Nose bleeds (or epistaxis) can be a common occurrence in horses of all breeds and ages. Some can last from a couple of minutes, and others up to an hour. Although even the slightest bleed can appear very dramatic, common nose bleeds can occur spontaneously, and usually resolve (or clot) by themselves within 15 min.
A few things to determine the significance of a nose bleed can decide whether or not to call the vet out. - Whether the bleed is coming from one or both nostrils. This can help determine if the cause is within the head, or lower down the airways. - Presence of nasal purulent discharge, as well as blood. This could indicate some level of infection. - The amount of blood loss. A 500kg horse can lose up to 5 litres of blood without causing any problem, therefore there is no need to panic at the first sight of blood. -Rate of blood loss. Is it a couple drops, a trickle, or a steady flow? - Previous occurrence, or a one-off. It is definitely worth investigating further if your horse has had repeated nose bleeds. -Recent trauma. If you were able to visualise your horse hitting its head or catching a nostril on something sharp, the nose bleed could be evident. Another common cause of nose bleeds is through passage of a stomach tube by a veterinarian. The lining of the nostril is very sensitive and thin, therefore even the slightest irritation can cause it to bleed. -Recent exercise. If your horse has just been through strenuous exercise or fast-pace work, and you’ve noticed a nose bleed after, it could indicate exercise-induced pulmonary haemorrhage. This condition is usually seen in Thoroughbreds, Standardbreds or eventers, where the blood originates in the lungs.

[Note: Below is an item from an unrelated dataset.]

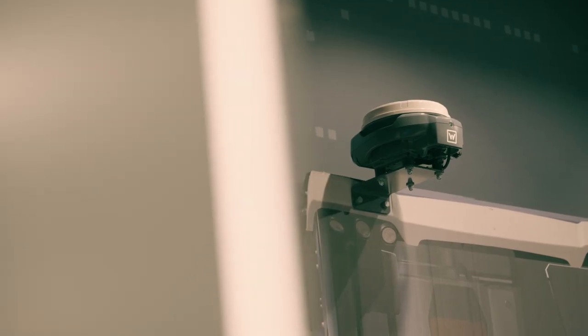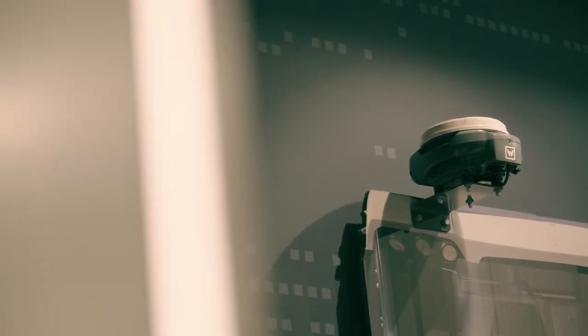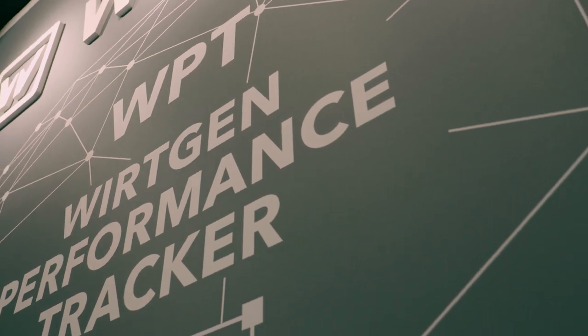The second feature is that we bring the WPT system — the Würdgen Performance Tracker — live into Operation Center, so that our milling customers can see what's happening on the milling job site live in Operation Center.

Other causes of repeated nose bleeds should require veterinary intervention. Even a small foreign body can cause the lining of the nostrils to be damaged and bleed. Inflammation of the sinuses, or occasionally tumours within the head of the horse can also be the origin. Small polyps can also form within the sinuses, named ethmoid haematomas, which can cause recurrent bleeding. Finally, guttural pouch mycosis, a fungal infection within blind sacs of the horse’s head, can also be found. The key in visualising and diagnosing such conditions requires endoscopic examination performed by a veterinarian.
Treatment relates directly to the factors listed above. This can range from no treatment if the bleed resolves itself, or as far as surgery to remove certain conditions from within the nasal cavities, sinuses, or guttural pouches. In any case, the horse should be kept calm and still, until veterinary advice is sought.